Что касается западнославянской латиноязычной традиции, то ее представляют чешские и польские средневековые хроники. Основу чешской исторической традиции составило родовое предание правящей (с VII–VIII вв.) династии Пржемысловичей, в начале XII в. перенесенное в письменную латинскую форму Козьмой Пражским. «Богемская (Чешская) хроника» Козьмы стала основой для всей позднейшей чешской анналистической и хроникальной традиции. Лишь отдельные авторы (Неплах из Опатовиц, Пржибек Пулкава) добавляли в схему Козьмы новые элементы, воспринятые из народных преданий. Наиболее независим (и стал самостоятельным источником для позднейших хронистов) Далимил, создавший в XIV в. «Чешскую рифмованную хронику» на родном языке. Здесь особенно много неотраженных ранее Козьмой фольклорных мотивов. XVI в. в Чехии, как и повсеместно, стал временем многочисленных псевдоисторических домыслов, романтического поиска новых сюжетов, обогащающих древнюю историю. Особенно отличился на этой ниве Гаек из Либочан. Его монументальная «Чешская хроника» в своей древнейшей части является кладезем в большей степени творческой фантазии автора, чем исторического или даже фольклорного материала.
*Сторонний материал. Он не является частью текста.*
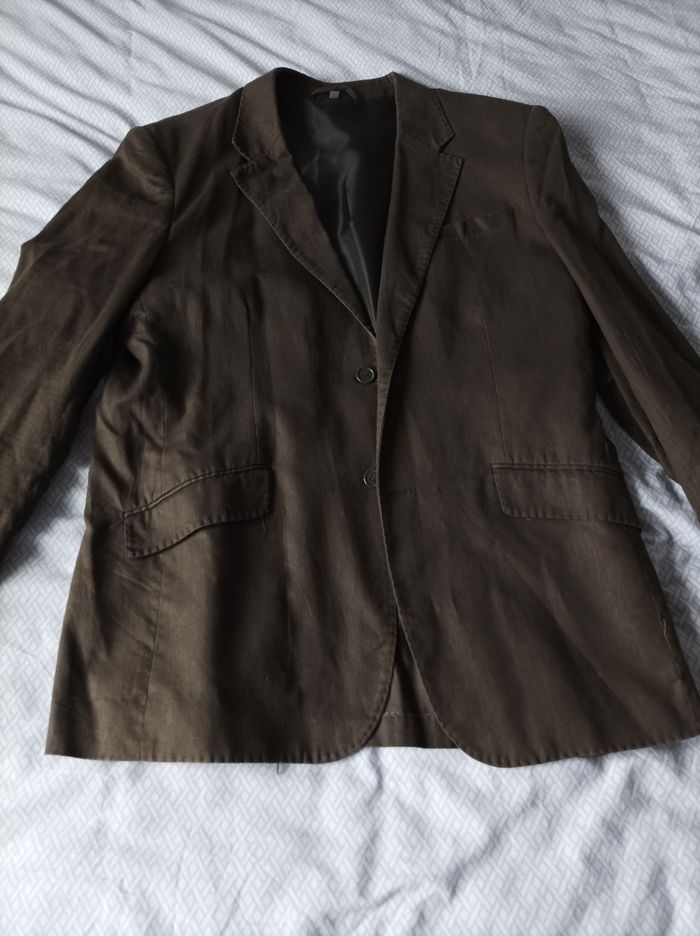 Veste de costume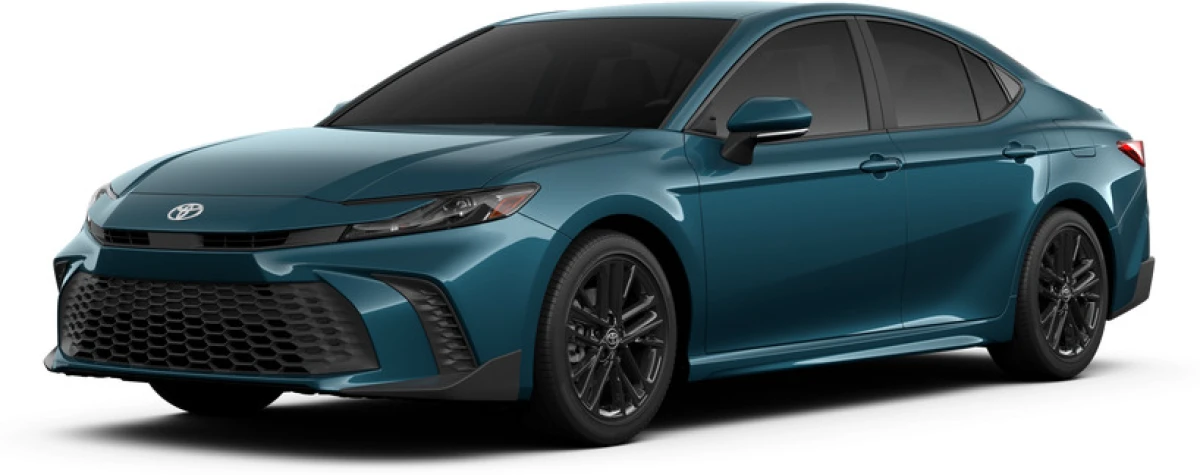 New 2026 Toyota Camry SE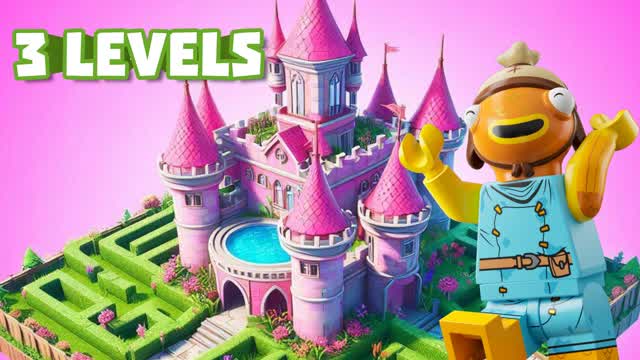 Capture 1 – 🏰🦄 PRINCESS'S GARDEN MAZE🧩🌸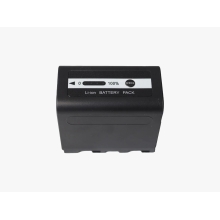 PATONA Standard Bateria Sony NP-F970D LED z wejściem USB-C i wyjściem USB-A + kabel USB-A do USB-C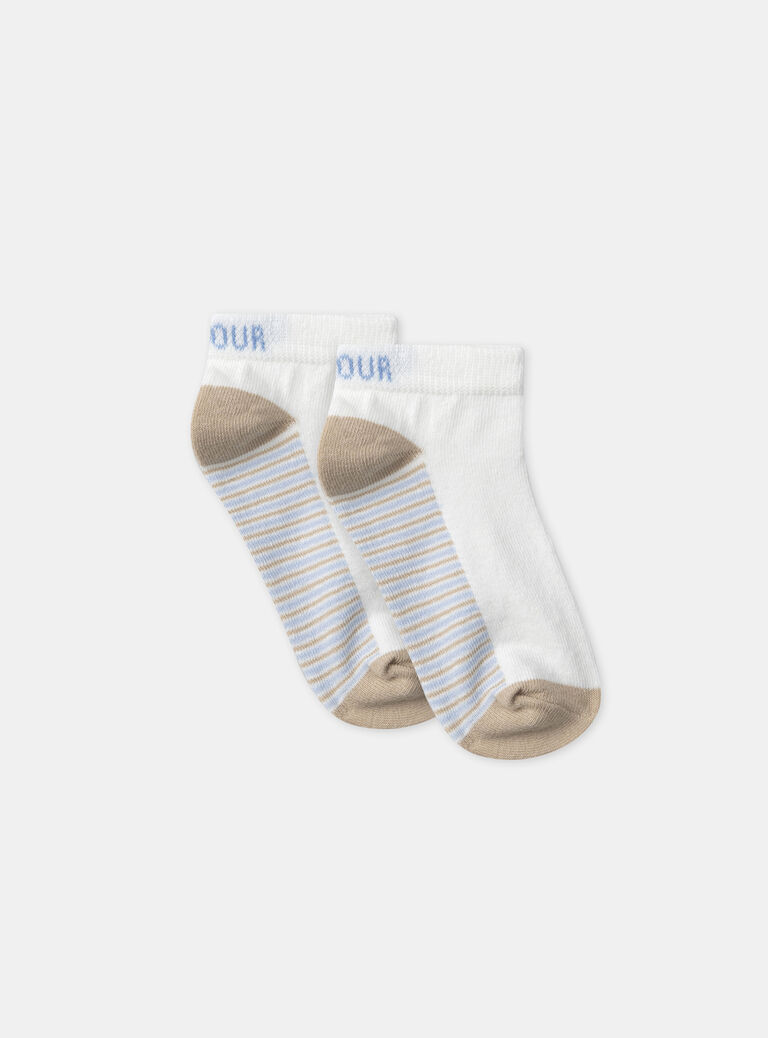 off white SOCKS MRESOCAGE / 25E4PGL1SOQ632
В пястовской Польше к давней племенной истории допястовской эпохи первым обратился в XII в. Винцентий Кадлубек. В его «Хронике» впервые отражаются мифы и предания краковского цикла. С соперничеством Великой и Малой Польши связаны основные отличия древнейших разделов хроники Кадлубека и приписываемой Богухвалу «Великой хроники» XIII в. Опираясь почти исключительно на труд Кадлубека, автор «Великой хроники» вместе с тем возвращает (после легендарного Крака) центр изложения допястовской истории в Великую Польшу. Это, надо отметить, соответствовало древнейшим преданиям, отраженным еще у Анонима Галла, предшественника Кадлубека. Позднейшие польские хронисты всецело следовали заданной Кадлубеком и Богухвалом традиции, практически не дополняя ее новыми деталями. Исключение представляли лишь чисто литературно-«научные» по происхождению домыслы XVI–XVII вв. Польские хронисты лишены уходящей в глубь веков легендарной генеалогии (имевшейся у Пржемысловичей). Потому они решали важную для латинской историографии проблему удревнения своей истории через своеобразное «размножение» доставшихся от легендарной эпохи имен. Так, князь Лех-Лешко в польском историческом предании расчетверился, Попель — раздвоился. Кроме того, польские хронисты большее, чем ранние чешские, внимание уделяли проблеме соотнесения своей и античной (древнеримской) истории. Эти обстоятельства сближают польских средневековых авторов с некоторыми скандинавскими — прежде всего с Саксоном Грамматиком.